How do we face the harshest economic adversity, even as we understand that the cards are stacked against us to the point that hard work does not necessarily lead to success? What motivates us to continue when we realize that working just to stay afloat is impossible? When we’re born into a capitalist system that only benefits those who already have money or privilege — and even then on a system of credit that forces the wealthy to exploit the lower classes just to maintain their own inherited status — how do we push back in the face of such overwhelming hopelessness, unable to repair our own lives, much less fix the system?
These questions are impossible to answer, even for those of us who aren’t facing the dire and immediate existential crises of the poorest of our neighbors. I would never claim that fiction can give us complete or satisfactory answers to these questions, but I do believe strongly that fiction might work to help us better understand the most vulnerable in an unjust economic system.
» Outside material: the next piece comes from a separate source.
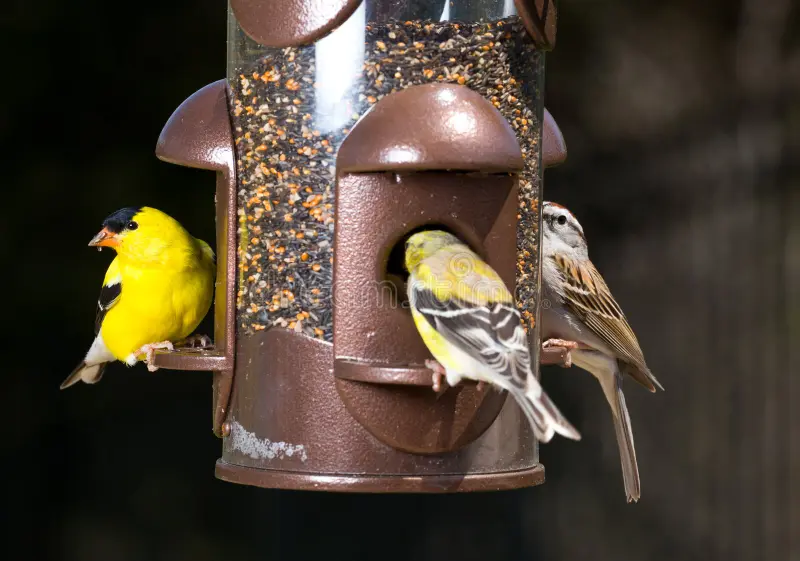 Feeding Wild Birds Safely in the U.S. — A Comprehensive Guide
For those who are struggling with these questions on a daily basis, fiction might even function as both a life boat and a beacon, offering a refuge and at least the possibility of charting a course out of the abyss.
Hans Kelison
Hans Keilson’s highly-autobiographical novel — published when he was just 23-years-old in 1933 and burned by the Nazis a year later — is the story of one small family of merchants being slowly squeezed into financial ruin by the economic downfall in Germany between the wars. Albrecht (a thinly-veiled version of Keilson) and his mother and father struggle under crippling debt to borrow enough money to keep their small store stocked. Since their customers are also strapped for cash and borrowing on credit, the family finds themselves in the same dark hole as everyone else: they borrow items from bigger shops, selling them at a loss, and purchase items on credit that their customers in turn buy from them on credit, thus ensuring that no one can ever dig themselves out of the hole, no matter how hard they work. As this happens, those who already have enough money to survive continue to prosper — sometimes through shady means, such as burning their own businesses for insurance settlements — which only makes it more and more difficult for the impoverished workers to find jobs. Everyone purchases on credit, including those who are relatively financially secure, and no one has the money to pay back the loans, much less the interest.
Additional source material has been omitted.